Jewish goddess worshippers like Oringer and Lilith may also invoke the names of goddesses like Asherah, who, according to controversial texts like Raphael Patai’s "The Hebrew Goddess," was worshipped by the Israelites before Jewish idol worship ceased completely. They might also summon Shekinah, the female name of God.

"I think the crisis is Jews of all ages with insufficient knowledge of the depth and beauty of their own religion," Adlerstein said. "There’s a real quest for spirituality. It’s nothing new that people using misplaced yetzer tov (good inclination) rather than bad inclination often assume that the spirituality they’re looking for doesn’t exist in Judaism. So they look elsewhere."

Even among Neo-Pagans, Adlerstein’s point rings true.

"If Jewish renewal had been around at the time [I began my approach], I might have felt differently," Oringer said. "But I certainly had nothing to identify with."

In Devin Galaudet’s Cor Lucis tradition, the focus is more on ritual and meditation, and less on spellcasting. They use a framework of the classic text "The Golden Dawn," as well as the kabbalistic Tree of Life and the tarot. But he also still celebrates most of the Jewish holidays and holds a particular affinity for more ritualistic holidays like Passover.

"It’s one of the holidays where the ritual is performed at home… When I go to synagogue someone else is making that connection or they’re portraying the connection on my behalf, but … it waters down the experience for me," Galaudet said.

Growing up in the Fairfax district, Galaudet considers his background as culturally Jewish, but secular. But in his 20s, he began studying Kabbalah at the Kabbalah Centre, as well as various forms of Paganism and just about every other religion before deciding on his unique combination. The things he thinks are missing from Judaism are ritual and the personal power to connect with God.

"Ultimately … the hierarchy of Jewish temples … doesn’t seem to work for me," he said. "Rabbis aren’t necessarily approachable, and frequently they don’t want to answer questions. Ultimately it’s a very Christian sort of power struggle. I don’t need the rabbi’s help to make the connection."

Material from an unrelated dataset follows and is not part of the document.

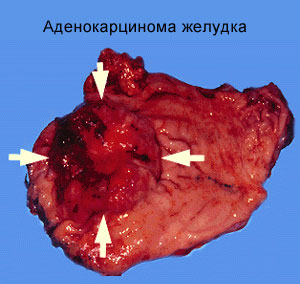 Ce este adenocarcinomul gastric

For Galaudet, making that connection will sometimes involve "Qabalistic" (an older variation on the spelling) tarot reading. He may have learned about the Kabbalah at the Kabbalah Centre, but, said a Centre representative, not about Qabalistic tarot reading. According to Billy Phillips, the organization’s director of communications, "It’s not part of the Judaic understanding of Kabbalah. Throughout history there have been countless sects that have liberated and taken from Kabbalah and tried to adapt it to their own purposes."

Adlerstein believes that this kind of dual citizenship is bad for the Jews. He placed the blame for it on a lazy approach toward religion resulting in pop spirituality.

"Part of what we’re looking at are the same reason people turn to the Kabbalah Centre," Adlerstein said. "It’s like fast food spiritualism — getting it without the work, the counterculture part of it."

But Lillith still sees a place for her approach to Judaism:

"If ‘Jewish’ is a sufficiently expansive and flexible marker to describe the overlap or commonality — no matter how slight — between Reconstructionist, Israeli, transgender, Chasidic and Ethiopian Jews, then it can certainly include Goddess-worshipping Jewish witches as well."